Let’s talk about taxes.
I’ve said it for years: It isn’t tax efficiency that investors should strive for, it’s after-tax returns. That is: What you keep once you pay the tax man.
So, which funds give you the best after-tax returns? And are they necessarily the most tax-efficient? Finally, with so many "tax-managed" funds on the market, are any worth your investment dollars?
Every year, I analyze the three-year and five-year tax-adjusted returns for all Vanguard funds (see “10 Things Vanguard Won’t Tell You“). I also go one step further and, besides using the current income and capital gains tax rates in my calculations, I incorporate reduced tax rates on qualified dividend income as specified under the 2003 Tax Act.
I don’t think it should come as a surprise to anyone that, given the losses sustained in the 2000 to 2002 bear market, many of which are still sitting on mutual funds’ books, tax efficiency remains fairly high pretty much across the board.
Tax Efficiency Doesn’t Equal Better After-Tax ReturnsBut tax efficiency doesn’t necessarily translate into better after-tax returns, nor does it tell you which funds are “best.” I’m sure you’ve heard that index funds are tax efficient, and that this makes them attractive.
First off, not all index funds are tax efficient. Second, those that are tax efficient aren’t necessarily going to put more money in your pocket as a result.
Over the last three years, for instance, Growth Index (VIGRX) was one of Vanguard’s most efficient index funds, losing just 1% of its total return to taxes. Yet, many funds with lower tax efficiency, like PRIMECAP (VPMCX) and PRIMECAP Core (VPCCX), outperformed Growth Index on an after-tax basis. Even Growth Equity did!

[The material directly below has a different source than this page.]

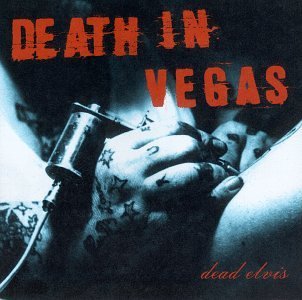 Death In Vegas/Dead Elvis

Speaking of Growth Equity (VGEQX), because of all the losses the fund has sustained, it’s got the best five-year tax-efficiency of any Vanguard fund, at 99.7%. Does this make it a buy? Absolutely not. That tax efficiency didn’t help the fund in the after-tax total return derby. It substantially underperformed its large-growth peers and generated a return that was below that of the stock market.
Also, the supposed advantage of the Tax-Managed funds has to be called into question. Here’s one example: Tax-Managed International (VTMGX) had one of the highest tax efficiency numbers among all Vanguard funds over the past five years. Yet, on an after-tax basis the fund underperformed several of Vanguard’s other international funds including Total International Index (VGTSX). Is it worth paying the Tax-Managed fund’s higher minimum while being locked into a 5-year, 1% back-end load just to underperform after taxes?
Even Vanguard tax maven Joel Dickson probably doesn’t think so. As he puts it, “At the end of the day, the question is whether you have created wealth, not how much you have reduced taxes.” Amen to that.